To achieve this, most memory assigns a unique number to each group of 8 bits (a single byte) it stores. For example, the first byte in memory is assigned the number 0, the second is number 1, etc. In a 4GB RAM, there are 4,294,967,295 bytes, each of which has its own unique number.

We often call these unique numbers memory addresses (and later in C pointers)! Much like when using the real-life postal system, the address is used to uniquely identify a single byte so we can read/write it.

For example, let’s assume three different byte variables A, B and C are stored in a RAM of 256 bytes. A is at address 3 and has value 15, B is at address 0 and has value 20 and C is at address 1 and has no value yet. The other addresses are empty for now.

The first 8 bytes of the RAM look like this:

Address Value Comment
0x00 20 B
0x01 C
0x02
0x03 15 A
0x04
0x05
0x06
0x07

As such, a simple program performing the operation C = A + B might look like this:

1. Read the value of A from address 3
2. Read the value of B from address 0
3. Pass the value of A and B and the opcode for + to the ALU
4. Write the output value of the operation (20 + 15 = 35) to address 1

The (first part of the) RAM now looks like this:

Address Value Comment
0x00 20 B
0x01 35 C
0x02
0x03 15 A
0x04
0x05
0x06
0x07

Instructions

Now you might wonder: but how do we actually know we need to read A and B, perform the + and write to C? We don’t just need a way to store the operand values, we also somehow need to store the operation itself!

The way we do this is typically called an instruction, which specifies not just the operation we want the ALU to perform (+) but also on which values to perform it and where to put the output. For the example above, the instruction would have to encode the following four parameters to be useful:

instruction type, address of first operand, address of second operand, address of output

Crucially, each of these four parameters can just be represented as a number!

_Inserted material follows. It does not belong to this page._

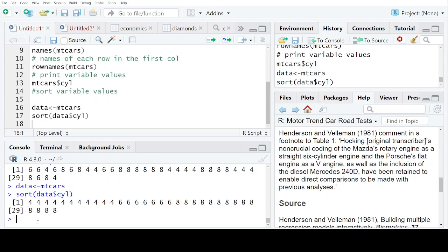Now, this particular command is telling you that most of the cars have 4 and 8 cylinders.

In the original computers, these values would often be hardcoded into hardware (fixed/single program) or be set manually, for example using buttons and knobs (you can imagine how slow that was…). Later computers would use so-called punch cards: thick papers with holes punched in specific locations to indicate a binary 1 or 0 value to make up the numbers.

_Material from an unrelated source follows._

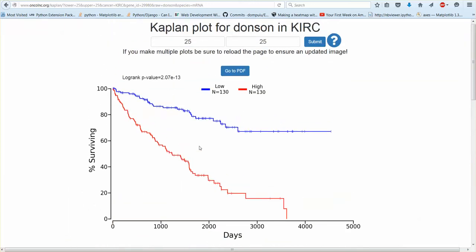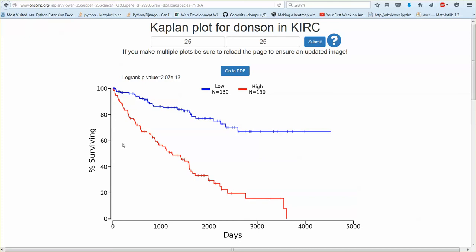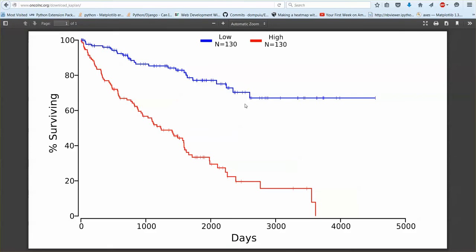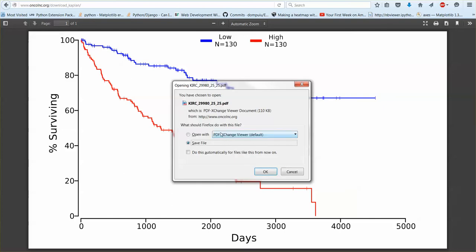And then if you want to use this plot in a publication all you have to do is click this button here. It'll take you to a PDF like this and the file will be named exactly the same, same thing.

Later however, several scientists (Johh von Neumann and others) had a revolutionary idea: since instructions can be represented as numbers, just like the data they operate upon, instructions can be stored in the same memory used to store the data! This way, we can very easily write computers that can run arbitrary programs efficiently: just change the instructions in the memory!

The above example C = A + B could then look something like this:

Address Value Comment
0x00 20 B
0x01 C
0x02
0x03 15 A
0x04
0x05
0x06
0x07
Address Value Comment
0x08 0 ADD instr. type
0x09 0x03 A address
0x0A 0x00 B address
0x0B 0x01 output address
0x0C
0x0D
0x0E
0x0F

Note: here we represent addresses as hexadecimal values and non-addresses as decimal numbers. This is just for convenience and by convention, not because it’s really needed!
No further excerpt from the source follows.